Of course, this latest 80-degree dare-I-say autumnal weather is just a feint; hot will soon return. But beastly hot? I hope not. One of the saving graces of living in this area is fall. Autumn here is more like spring anywhere up north--and I love the winter. I have smelled the faint trail of Autumn, and she will not let me down.
I have much to do in temperatures that do not make me lose consciousness from the slightest exertion. The round pen stands ready, and both Sara and Jezebel are in excellent shape. The farrier came yesterday and gave me some tips on both the pen and the arcane science of bridling. I pretty much have the idea of the round pen and all its possibilities. However, getting a reluctant horse to accept a bit is eluding me.

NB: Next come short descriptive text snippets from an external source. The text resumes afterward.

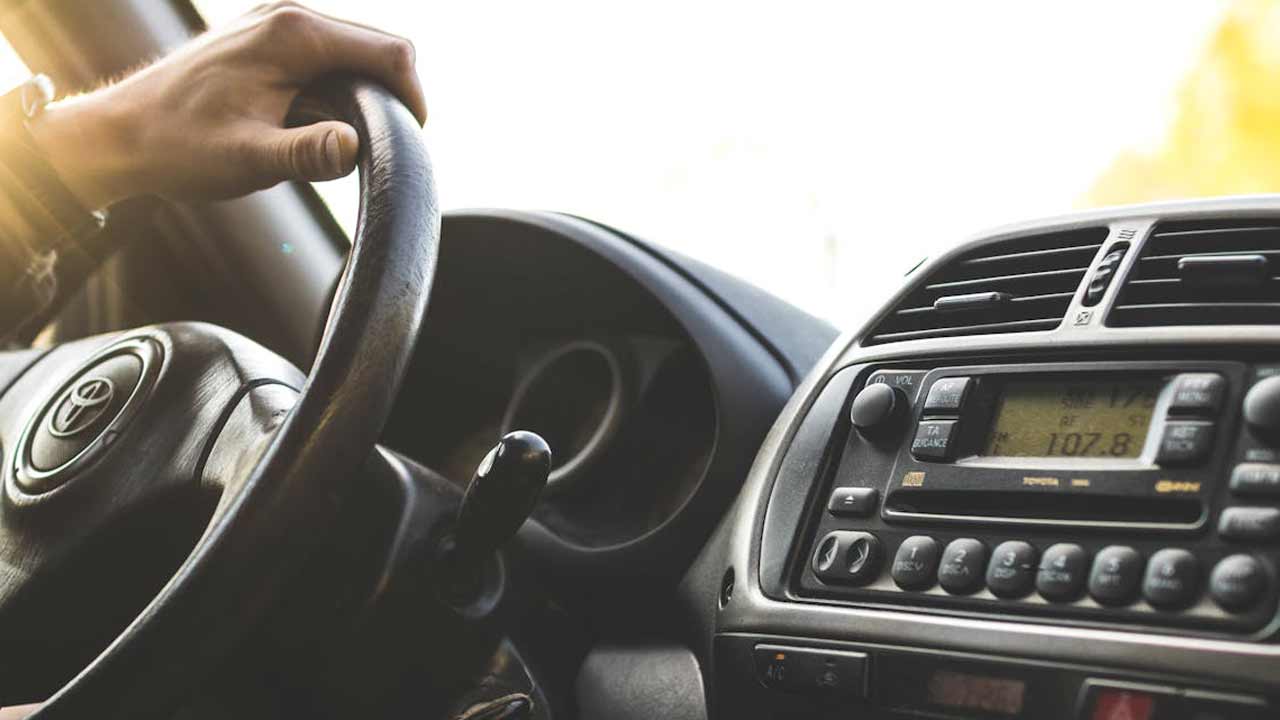 Automobile-Foto-di-Sindre-Fs-da-Pexels-MobilitàSostenibile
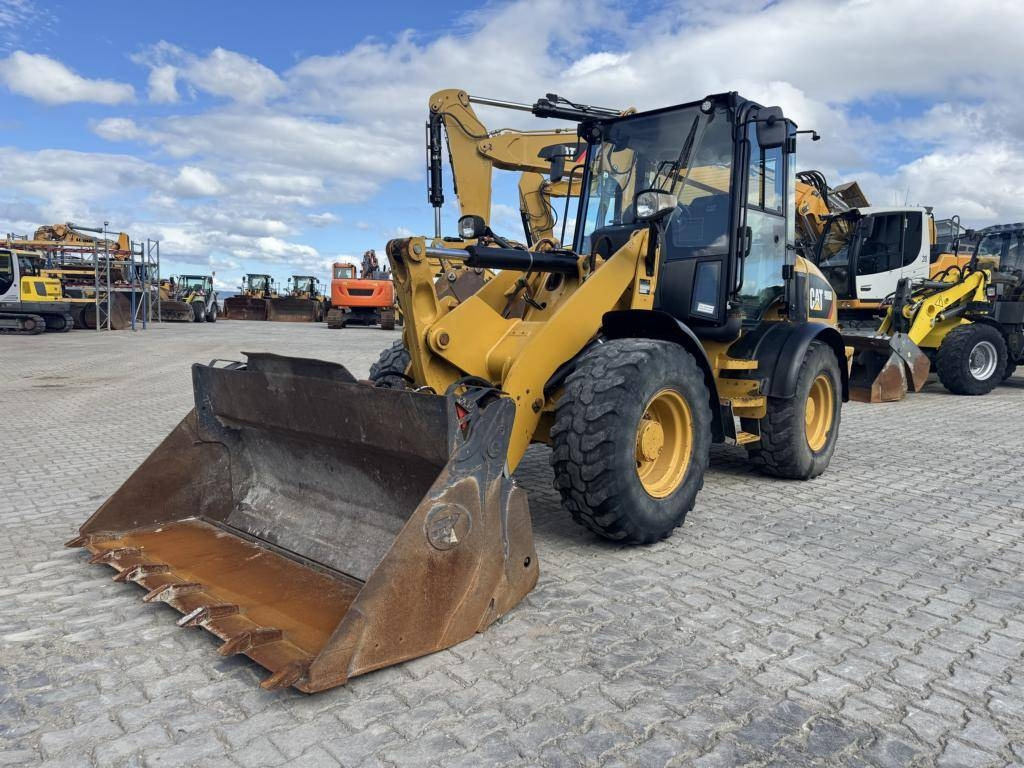 CAT 908M - Pala gommata: foto 1 CAT 908M - Pala gommata: foto 1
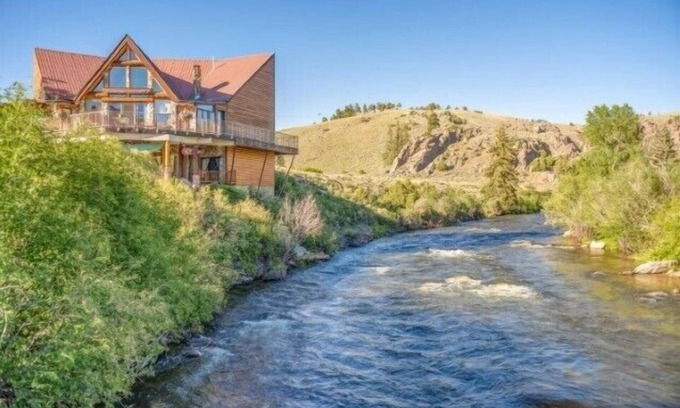 Almont Casa | Great location on the Taylor River with fishing access!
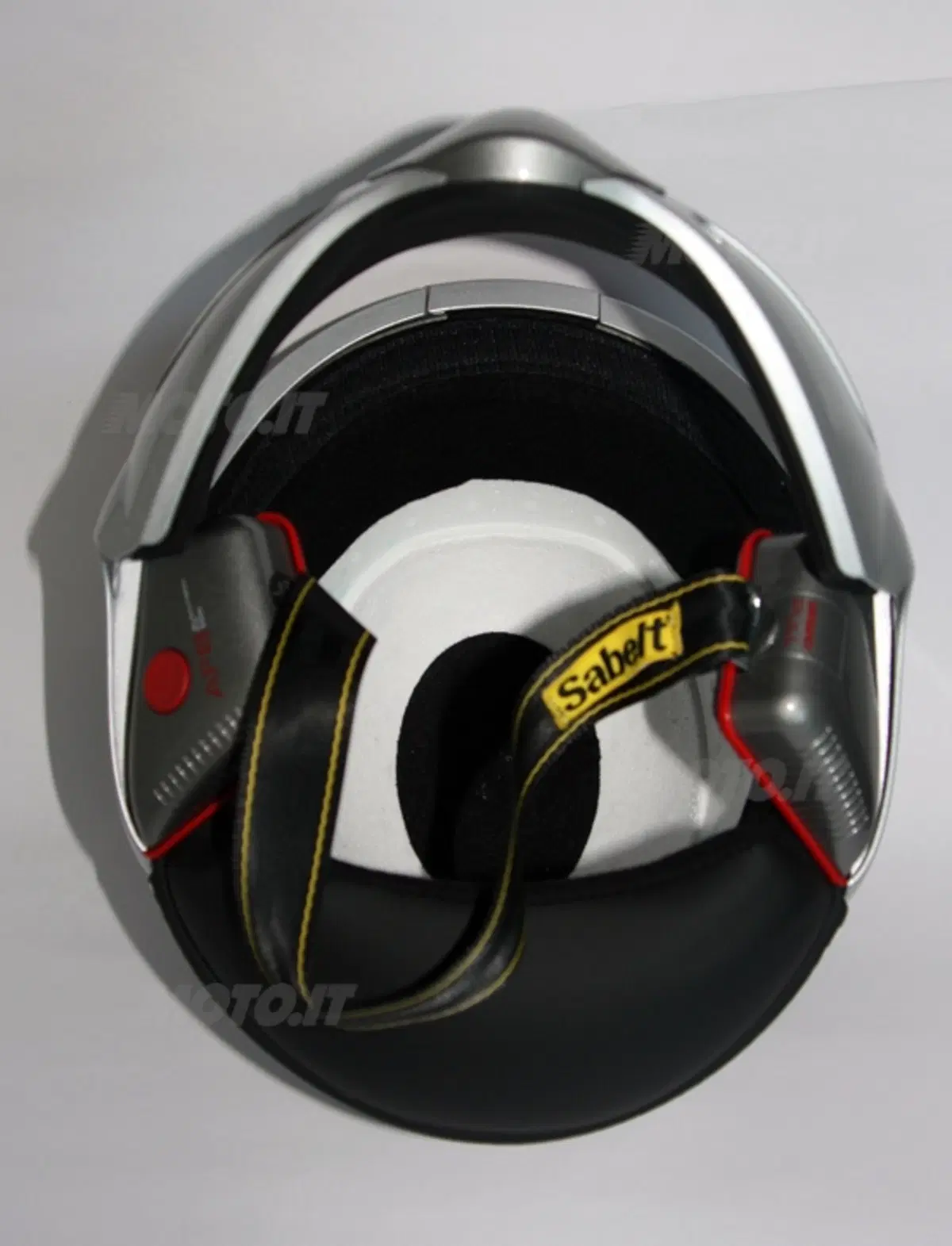 Casco Brembo B-Tech by New Max (13)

A horse resisting getting a piece of metal stuck in between its teeth is like a 1200-pound toddler resisting a spoonful of pureed spinach. There's no getting those teeth apart by force. One must use guile in both instances, and one must ensure that the operation, far from being painful, can actually be okay. In the case of a toddler who needed the iron and vitamins of spinach, I slathered each spoonful with mashed banana or applesauce. Went down, every bite.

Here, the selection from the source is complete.